With the annual meeting only a few weeks away, if you’ll be attending it’s time to start getting serious about planning how you’ll spend your time. If you’re not attending, you can see what’s going on and maybe share some of your knowledge with those of us will be making the trek. And the best way to do that is . . .
- You can look at a list of who’ll be blogging about the meeting (or get your blog listed–it’s a great way to get new readers).
- If you’re a newbie, you can read “SAA First-Timer Tips” and if you’re an “oldster” you can share your wisdom by contributing some tips of your own.
- Wondering what the Research Forum thing is all about? They’ve got an agenda available on the wiki.
- Shopping around for a new section or roundtable? You can browse a lot of their meeting agendas on the wiki. (And if you’re responsible for a section or roundtable, make sure your group’s agenda is available too!)
- Wait, stop shopping around for at least one of your roundtables–get involved in the Issues & Advocacy Roundtable! Take a look at our page on the wiki and learn why–we’re looking for ideas and people who want to get involved. Log in and add your thoughts to the page.
- Worried about the size of your carbon footprint? Get tips on “Going Green at SAA Annual” on the wiki.
- Too busy to read the whole program? Try looking at “Possible Paths Through the Program,” which lists sessions by topic. Don’t see what you’re interested in? Login and add your own path.
- Trying to coordinate a get-together that’s not on the schedule (like a Blogger Get-Together or a Lone Arrangers Dinner)? Use the “Unofficial Events” page to coordinate it. (Which reminds me, do we need to find another spot in the schedule for an informal web 2.0 get-together? Are people up for that again this year?)
- Know something about San Francisco that I should know? Where to eat? What to see? What not to see? Take a look at the pages under “Having Fun” (like “Attractions,” “Dining,” and “San Francisco Stuff,” and give the rest of us some advice.

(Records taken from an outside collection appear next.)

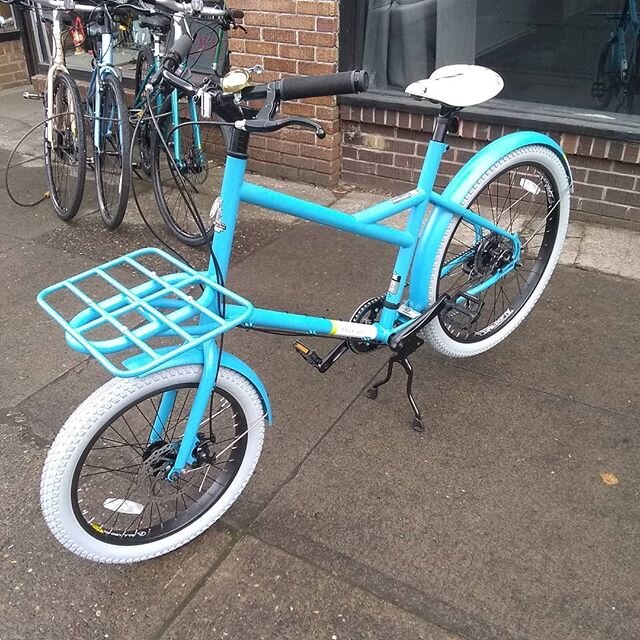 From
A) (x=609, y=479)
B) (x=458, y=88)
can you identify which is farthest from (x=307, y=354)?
(x=609, y=479)

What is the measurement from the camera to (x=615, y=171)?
392 centimetres

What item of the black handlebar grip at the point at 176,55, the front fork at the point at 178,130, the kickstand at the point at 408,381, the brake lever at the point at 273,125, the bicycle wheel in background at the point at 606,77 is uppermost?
the brake lever at the point at 273,125

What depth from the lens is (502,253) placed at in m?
2.78

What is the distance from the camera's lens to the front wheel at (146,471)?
67.3 inches

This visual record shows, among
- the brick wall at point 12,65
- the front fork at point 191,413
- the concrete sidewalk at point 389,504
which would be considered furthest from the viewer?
the brick wall at point 12,65

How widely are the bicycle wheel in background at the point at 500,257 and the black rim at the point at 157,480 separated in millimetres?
988

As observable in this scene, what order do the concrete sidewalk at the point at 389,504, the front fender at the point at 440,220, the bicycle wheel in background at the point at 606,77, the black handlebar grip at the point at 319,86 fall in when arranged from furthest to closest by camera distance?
the bicycle wheel in background at the point at 606,77 < the front fender at the point at 440,220 < the concrete sidewalk at the point at 389,504 < the black handlebar grip at the point at 319,86

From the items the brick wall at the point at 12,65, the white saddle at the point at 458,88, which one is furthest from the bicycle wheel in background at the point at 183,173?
the brick wall at the point at 12,65

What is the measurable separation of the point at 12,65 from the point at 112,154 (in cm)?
441

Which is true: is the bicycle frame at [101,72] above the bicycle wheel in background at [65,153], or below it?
above

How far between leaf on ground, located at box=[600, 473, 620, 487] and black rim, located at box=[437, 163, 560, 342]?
2.56 feet

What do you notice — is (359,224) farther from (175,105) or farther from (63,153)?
(63,153)

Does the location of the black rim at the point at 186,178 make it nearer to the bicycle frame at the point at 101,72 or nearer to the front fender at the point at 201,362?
the bicycle frame at the point at 101,72

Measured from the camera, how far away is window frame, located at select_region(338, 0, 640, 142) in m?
3.86
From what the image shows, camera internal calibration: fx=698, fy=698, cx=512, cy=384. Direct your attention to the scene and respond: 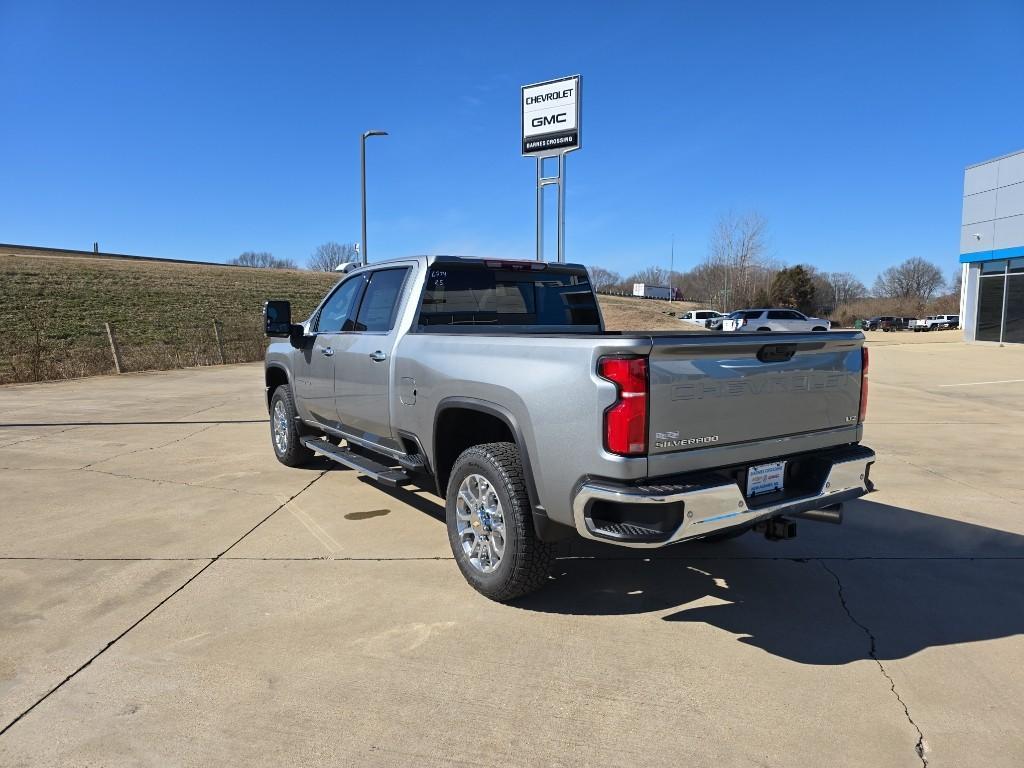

- It’s a pretty safe way to learn how a wiki works, if it’s something you’ve been wanting to learn about. Go to the “New To Wikis” page and get oriented, then set up your account (if you don’t already have one), and make a contribution.
Wikis work best when they have input from lots of different people–go check out the wiki and see how it can help you and what you can add to make it better. And don’t forget that it’s still there after the meeting for sharing and follow-up.